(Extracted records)
---

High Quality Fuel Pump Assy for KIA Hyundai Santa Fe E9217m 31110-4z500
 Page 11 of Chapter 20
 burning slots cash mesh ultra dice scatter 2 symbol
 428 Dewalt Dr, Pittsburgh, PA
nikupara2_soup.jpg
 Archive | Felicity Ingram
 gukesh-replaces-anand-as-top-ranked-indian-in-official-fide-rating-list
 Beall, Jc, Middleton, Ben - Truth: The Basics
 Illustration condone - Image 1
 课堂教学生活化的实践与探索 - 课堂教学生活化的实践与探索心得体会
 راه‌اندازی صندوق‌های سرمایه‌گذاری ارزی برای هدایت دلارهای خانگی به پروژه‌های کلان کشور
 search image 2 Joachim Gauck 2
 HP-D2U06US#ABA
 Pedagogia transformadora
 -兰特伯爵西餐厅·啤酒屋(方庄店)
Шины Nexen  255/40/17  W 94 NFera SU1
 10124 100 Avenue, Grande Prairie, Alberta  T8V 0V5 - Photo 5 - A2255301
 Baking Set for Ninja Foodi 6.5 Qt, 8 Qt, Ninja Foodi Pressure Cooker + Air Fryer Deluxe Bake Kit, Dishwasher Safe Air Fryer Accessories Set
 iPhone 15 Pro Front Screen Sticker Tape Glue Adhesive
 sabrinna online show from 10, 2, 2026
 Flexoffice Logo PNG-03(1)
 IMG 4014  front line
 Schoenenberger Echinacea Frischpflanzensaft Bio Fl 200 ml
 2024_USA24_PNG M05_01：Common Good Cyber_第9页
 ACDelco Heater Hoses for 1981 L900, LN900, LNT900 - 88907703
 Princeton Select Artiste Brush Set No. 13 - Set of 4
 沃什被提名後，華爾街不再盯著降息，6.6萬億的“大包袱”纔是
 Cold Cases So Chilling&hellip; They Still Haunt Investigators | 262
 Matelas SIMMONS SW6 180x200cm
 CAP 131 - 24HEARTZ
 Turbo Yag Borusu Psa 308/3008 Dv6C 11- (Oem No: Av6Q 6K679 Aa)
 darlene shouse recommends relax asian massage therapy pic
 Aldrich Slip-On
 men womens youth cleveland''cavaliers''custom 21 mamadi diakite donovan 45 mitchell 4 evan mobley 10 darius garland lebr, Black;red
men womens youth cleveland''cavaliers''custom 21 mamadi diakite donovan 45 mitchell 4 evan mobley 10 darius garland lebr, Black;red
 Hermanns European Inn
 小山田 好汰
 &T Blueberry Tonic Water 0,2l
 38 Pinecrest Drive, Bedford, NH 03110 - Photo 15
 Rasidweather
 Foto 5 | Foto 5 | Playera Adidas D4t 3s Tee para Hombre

---

-- About this task --
Whenever a line in the entries holds the word "darius", copy that line.

-- Answer to this exercise --
 men womens youth cleveland''cavaliers''custom 21 mamadi diakite donovan 45 mitchell 4 evan mobley 10 darius garland lebr, Black;red
men womens youth cleveland''cavaliers''custom 21 mamadi diakite donovan 45 mitchell 4 evan mobley 10 darius garland lebr, Black;red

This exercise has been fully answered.